Provided entries:
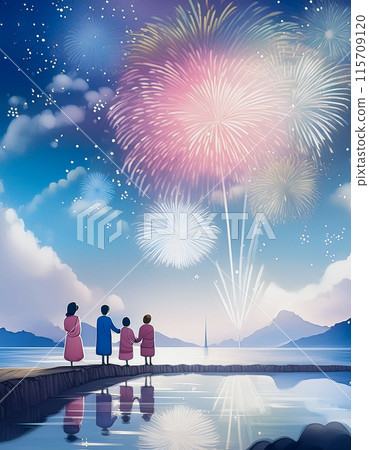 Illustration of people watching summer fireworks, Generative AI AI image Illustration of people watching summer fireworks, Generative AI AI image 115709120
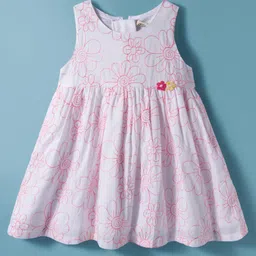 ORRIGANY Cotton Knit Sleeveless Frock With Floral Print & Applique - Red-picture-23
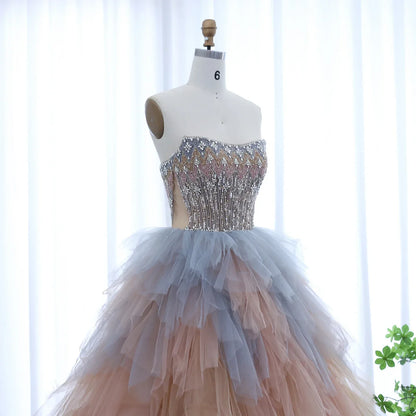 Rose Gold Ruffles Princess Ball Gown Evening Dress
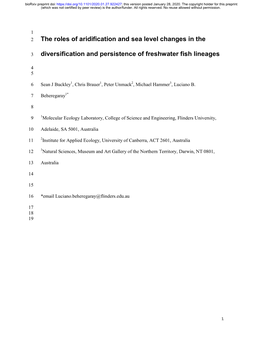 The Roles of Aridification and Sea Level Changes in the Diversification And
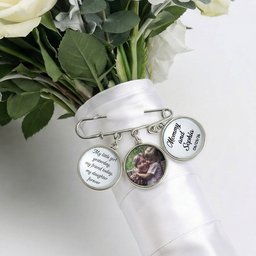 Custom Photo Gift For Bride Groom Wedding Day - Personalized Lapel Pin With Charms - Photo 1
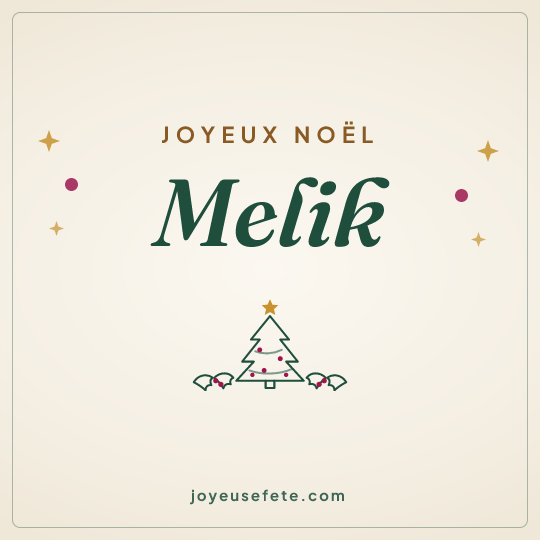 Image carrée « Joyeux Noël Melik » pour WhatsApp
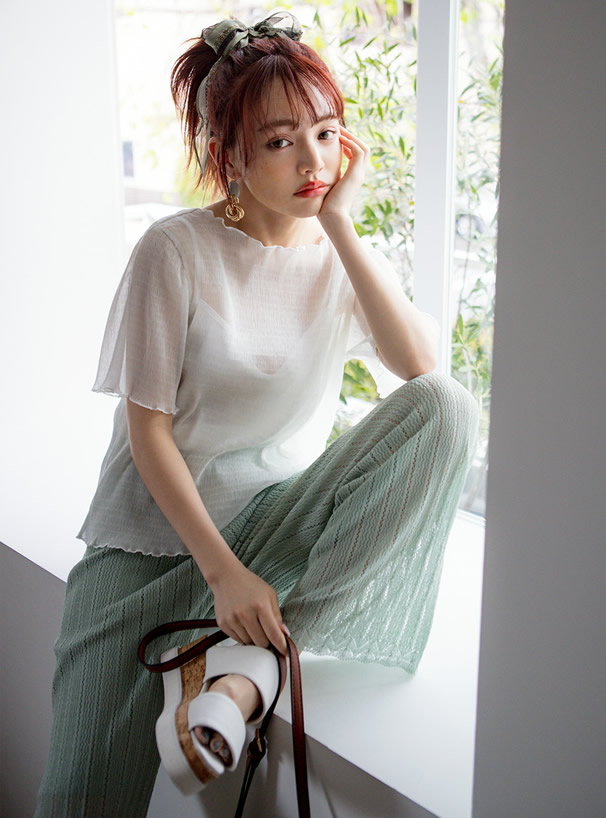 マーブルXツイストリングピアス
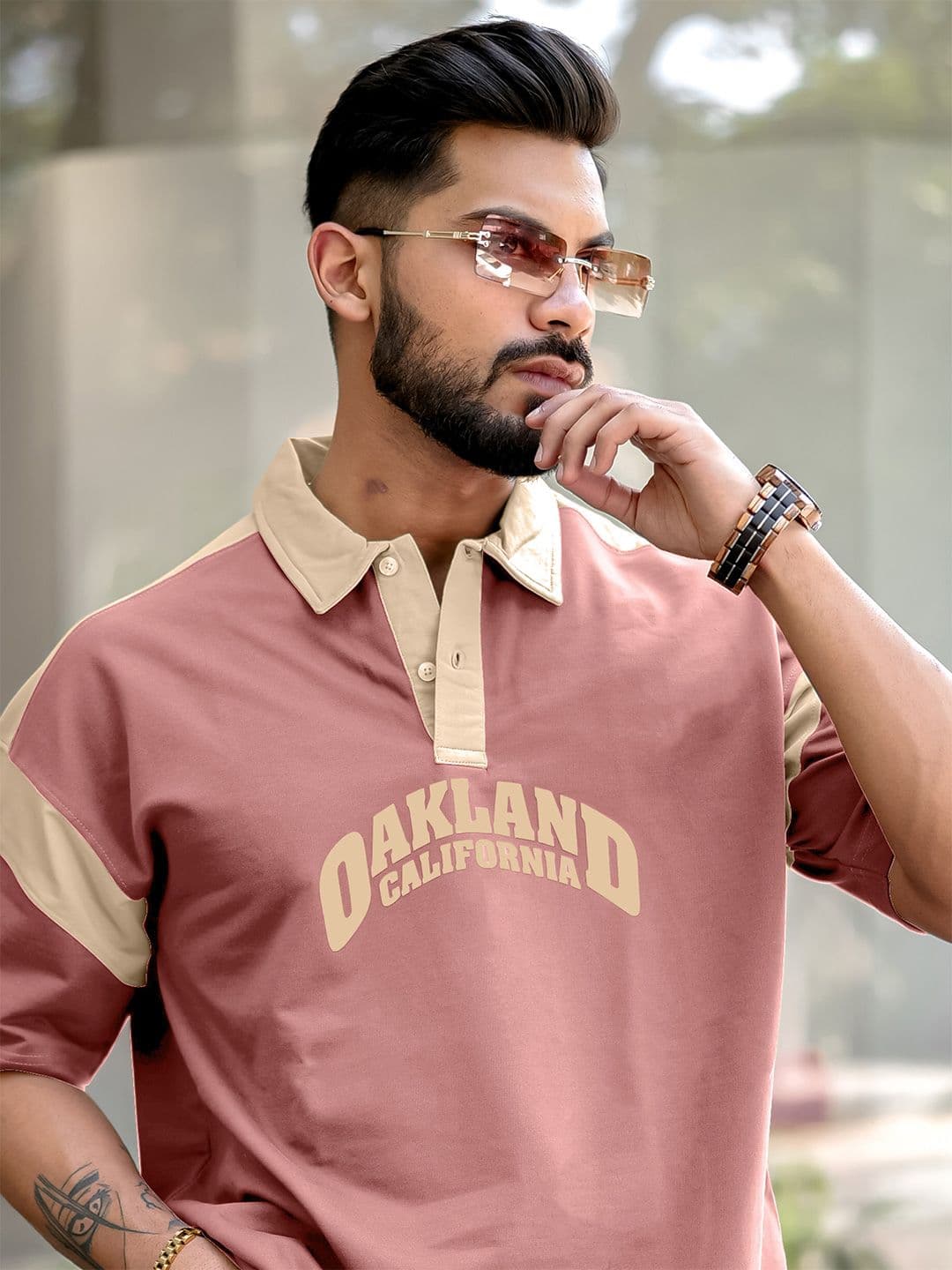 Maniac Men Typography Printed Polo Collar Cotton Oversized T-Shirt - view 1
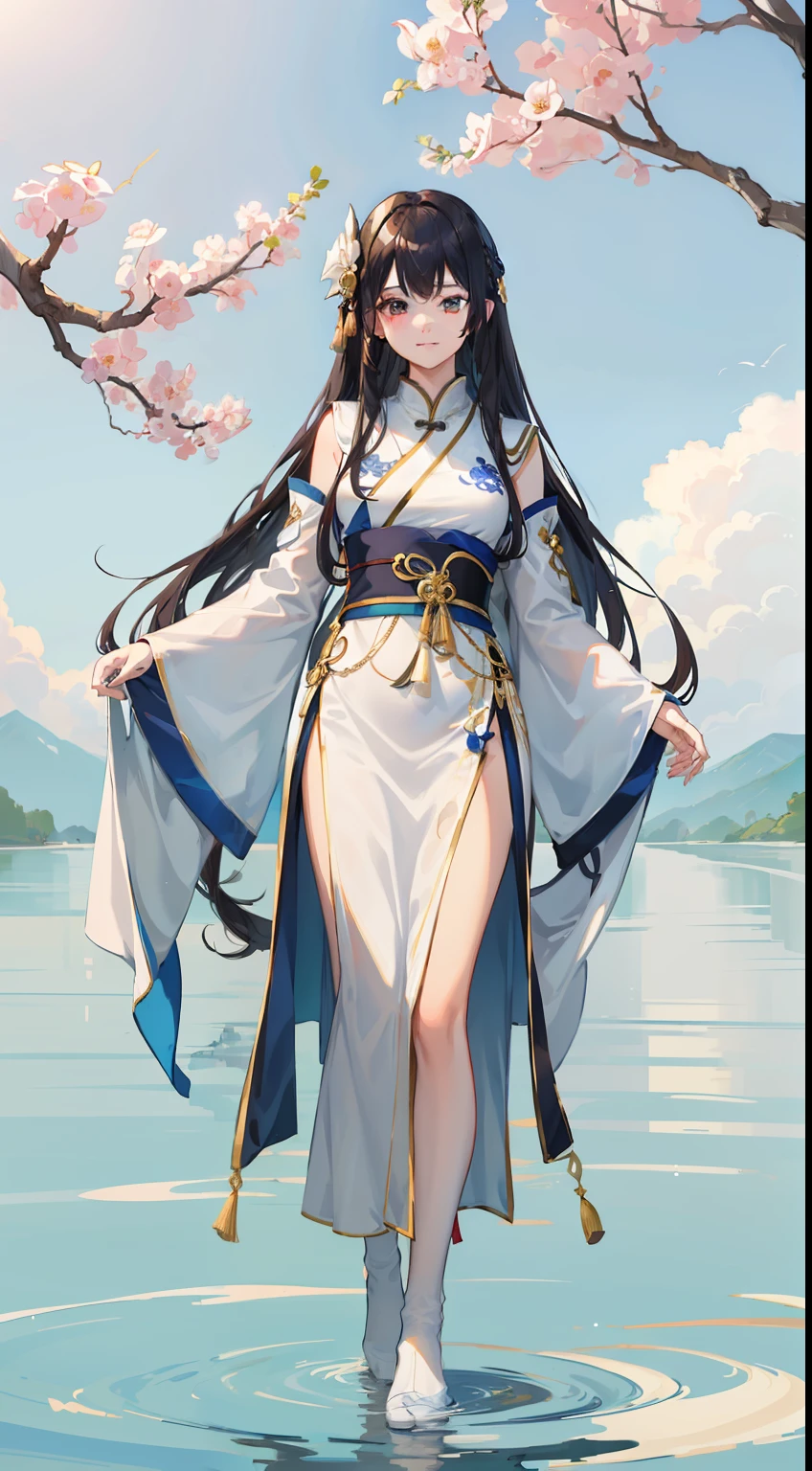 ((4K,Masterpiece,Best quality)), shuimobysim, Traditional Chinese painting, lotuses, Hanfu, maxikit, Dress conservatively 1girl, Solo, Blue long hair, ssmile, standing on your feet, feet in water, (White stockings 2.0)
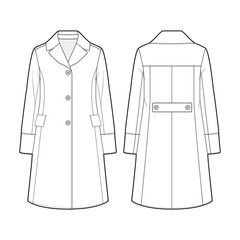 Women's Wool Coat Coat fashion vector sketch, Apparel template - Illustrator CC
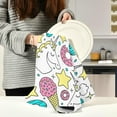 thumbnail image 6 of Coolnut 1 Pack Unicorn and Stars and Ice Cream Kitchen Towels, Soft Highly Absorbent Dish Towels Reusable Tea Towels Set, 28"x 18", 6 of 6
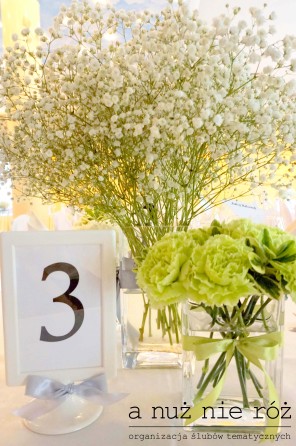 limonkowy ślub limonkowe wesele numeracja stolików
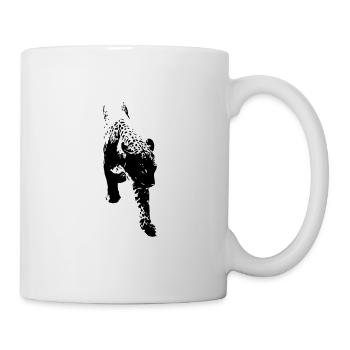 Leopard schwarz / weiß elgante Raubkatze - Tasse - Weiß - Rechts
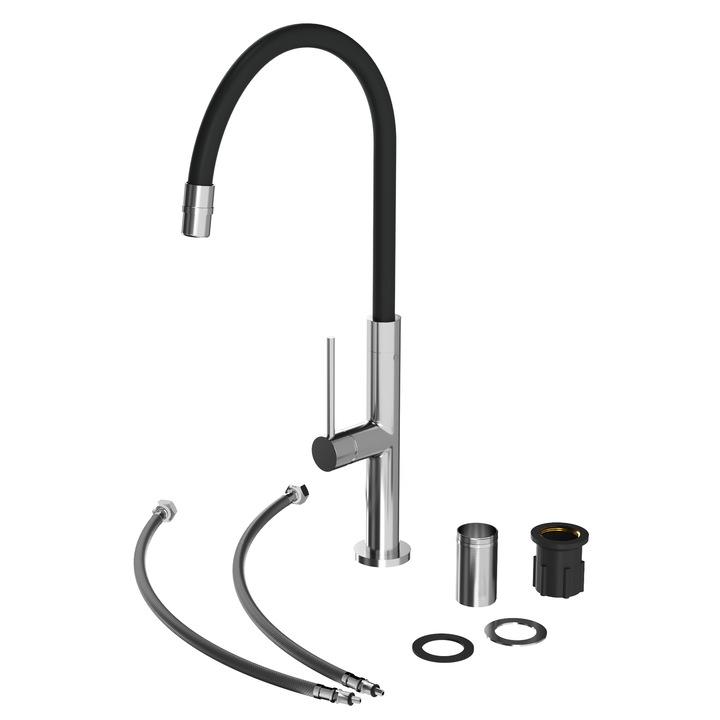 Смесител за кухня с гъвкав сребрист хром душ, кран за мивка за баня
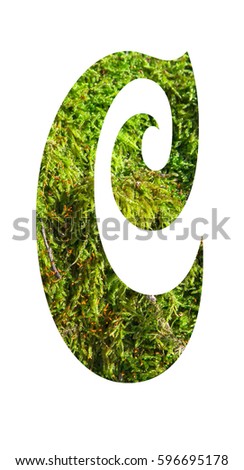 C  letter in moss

The task: Line by line, output the material above exactly, passing over the pictures.

Exercise response:
 Illustration of people watching summer fireworks, Generative AI AI image Illustration of people watching summer fireworks, Generative AI AI image 115709120
 ORRIGANY Cotton Knit Sleeveless Frock With Floral Print & Applique - Red-picture-23
 Rose Gold Ruffles Princess Ball Gown Evening Dress
 The Roles of Aridification and Sea Level Changes in the Diversification And
 Custom Photo Gift For Bride Groom Wedding Day - Personalized Lapel Pin With Charms - Photo 1
 Image carrée « Joyeux Noël Melik » pour WhatsApp
 マーブルXツイストリングピアス
 Maniac Men Typography Printed Polo Collar Cotton Oversized T-Shirt - view 1
 ((4K,Masterpiece,Best quality)), shuimobysim, Traditional Chinese painting, lotuses, Hanfu, maxikit, Dress conservatively 1girl, Solo, Blue long hair, ssmile, standing on your feet, feet in water, (White stockings 2.0)
 Women's Wool Coat Coat fashion vector sketch, Apparel template - Illustrator CC
 thumbnail image 6 of Coolnut 1 Pack Unicorn and Stars and Ice Cream Kitchen Towels, Soft Highly Absorbent Dish Towels Reusable Tea Towels Set, 28"x 18", 6 of 6
 limonkowy ślub limonkowe wesele numeracja stolików
 Leopard schwarz / weiß elgante Raubkatze - Tasse - Weiß - Rechts
 Смесител за кухня с гъвкав сребрист хром душ, кран за мивка за баня
 C  letter in moss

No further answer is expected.